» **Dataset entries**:
_ _ _ _ _ _ _

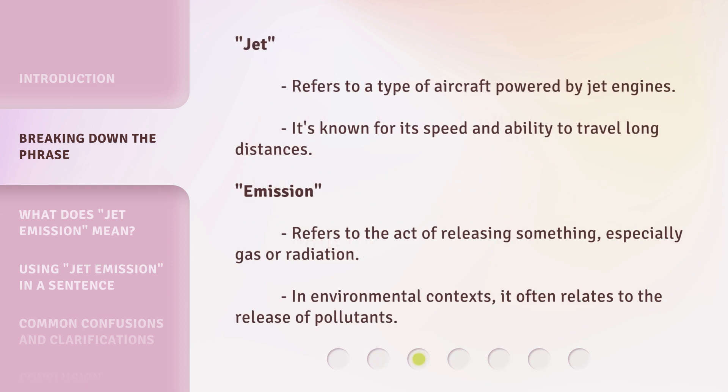Jet refers to a type of aircraft powered by jet engines. It's known for its speed and ability to travel long distances. Emission refers to the act of releasing something, especially gas or radiation. In environmental contexts, it often relates to the release of pollutants.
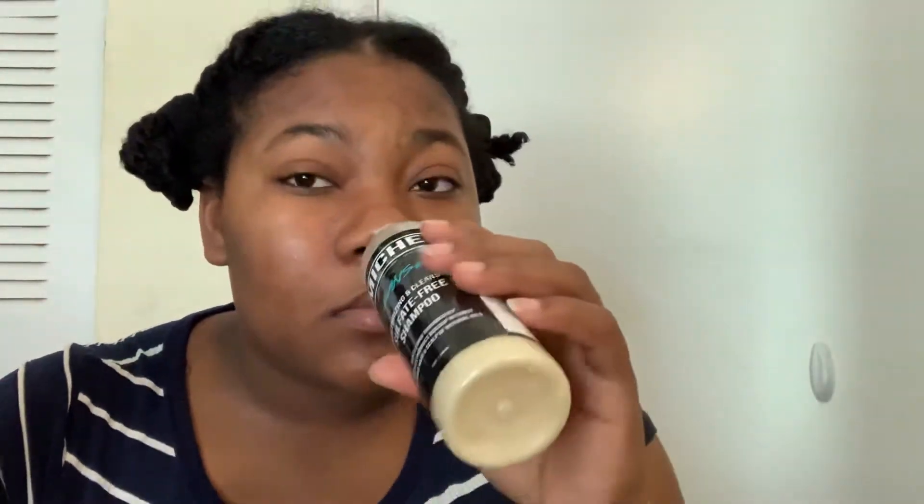Moving on, I have the Mage Beauty Quenched Sulfate Free Shampoo. You want to know what this smells like? This reminds me of a jolly rancher — that's exactly how this shampoo smells. I wish you could smell it through the camera! This one is a moisturizing and cleansing shampoo, and it does what it says — it moisturizes your hair but also cleanses it.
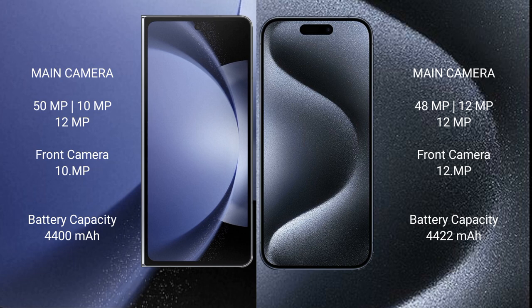iPhone 15 Pro Max also features a rear triple camera setup: 48MP plus 12MP plus 12MP. The front camera is 12MP.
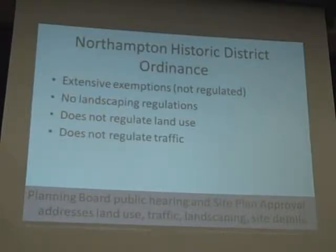One thing to start with: what does a historic district not do? In Northampton, under state law, we can't regulate things that aren't visible from a public way, and we can't regulate interior layouts of buildings. But Northampton has also chosen to add some additional exemptions to make life easier for the regulated community — for example, if you want to replace a window with an identical window, you used to have to come before the commission; now you don't. We don't regulate landscaping, land use, or traffic.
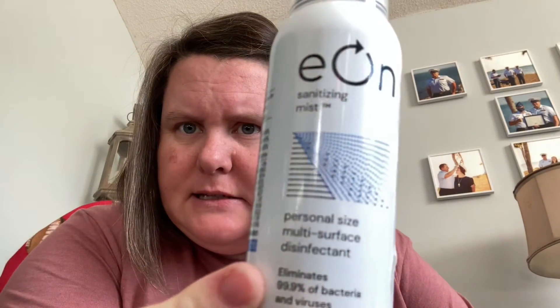I also got this stuff called Eon Sanitizing Mist — personal size multi-surface disinfectant. It's like a mini Lysol. I got this from Walmart, I believe. In case you need to spray down something. I also have a pack of tissues in case you sneeze.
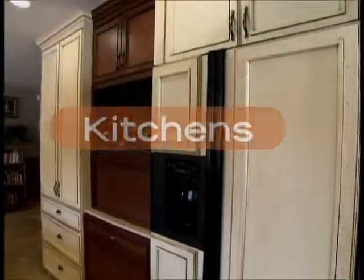We're in Phoenix, Arizona, looking at three one-of-a-kind kitchen renovations, each done for $40,000. Here we go.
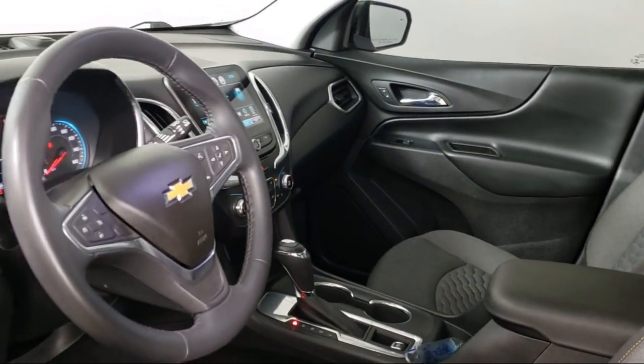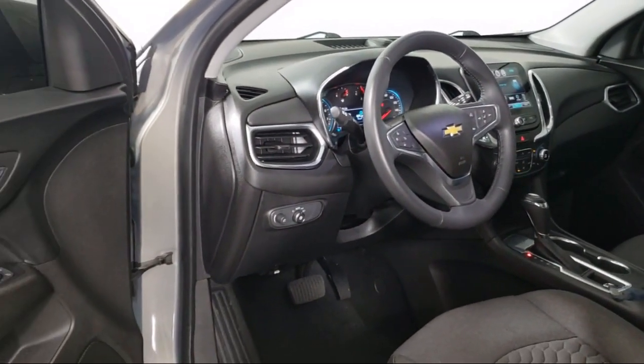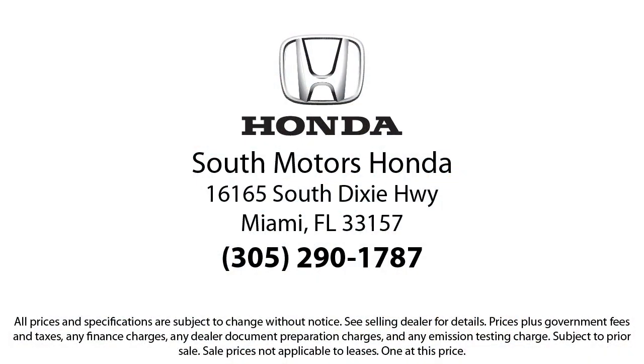Our fully transparent shopping experience delivers the best up front, along with a complete vehicle history. And for additional peace of mind, we also offer a three-day exchange policy and a financing program custom tailored to you. So come join the family — we're located at 16165 South Dixie Highway in Miami.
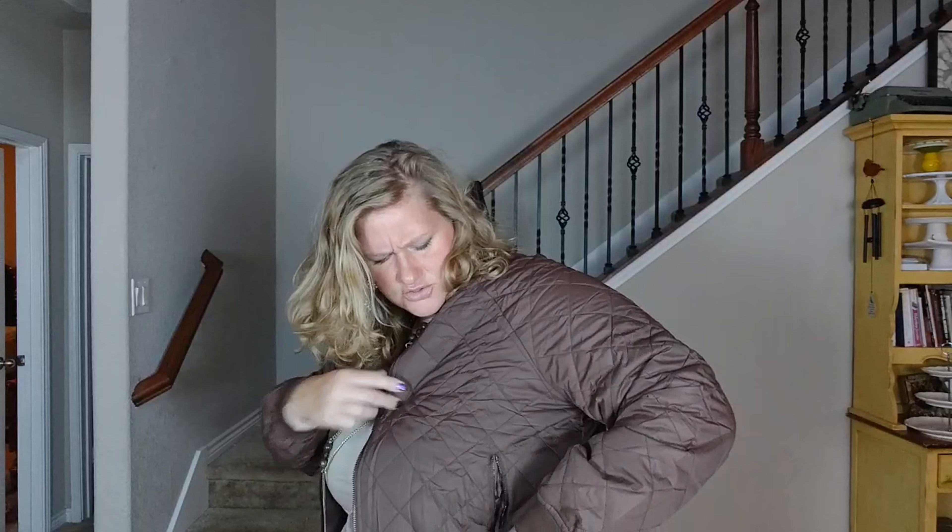You've got pockets right here — you can see my hands are in the pockets and they do zip up, which is great if you want to keep something in the pockets. It also just looks really, really cool.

_ _ _ _ _ _ _

» **EXERCISE**: Once more, please print all the lines above exactly, without their pictures.

» **TASK ANSWER**:
Jet refers to a type of aircraft powered by jet engines. It's known for its speed and ability to travel long distances. Emission refers to the act of releasing something, especially gas or radiation. In environmental contexts, it often relates to the release of pollutants.
Moving on, I have the Mage Beauty Quenched Sulfate Free Shampoo. You want to know what this smells like? This reminds me of a jolly rancher — that's exactly how this shampoo smells. I wish you could smell it through the camera! This one is a moisturizing and cleansing shampoo, and it does what it says — it moisturizes your hair but also cleanses it.
iPhone 15 Pro Max also features a rear triple camera setup: 48MP plus 12MP plus 12MP. The front camera is 12MP.
One thing to start with: what does a historic district not do? In Northampton, under state law, we can't regulate things that aren't visible from a public way, and we can't regulate interior layouts of buildings. But Northampton has also chosen to add some additional exemptions to make life easier for the regulated community — for example, if you want to replace a window with an identical window, you used to have to come before the commission; now you don't. We don't regulate landscaping, land use, or traffic.
I also got this stuff called Eon Sanitizing Mist — personal size multi-surface disinfectant. It's like a mini Lysol. I got this from Walmart, I believe. In case you need to spray down something. I also have a pack of tissues in case you sneeze.
We're in Phoenix, Arizona, looking at three one-of-a-kind kitchen renovations, each done for $40,000. Here we go.
Our fully transparent shopping experience delivers the best up front, along with a complete vehicle history. And for additional peace of mind, we also offer a three-day exchange policy and a financing program custom tailored to you. So come join the family — we're located at 16165 South Dixie Highway in Miami.
You've got pockets right here — you can see my hands are in the pockets and they do zip up, which is great if you want to keep something in the pockets. It also just looks really, really cool.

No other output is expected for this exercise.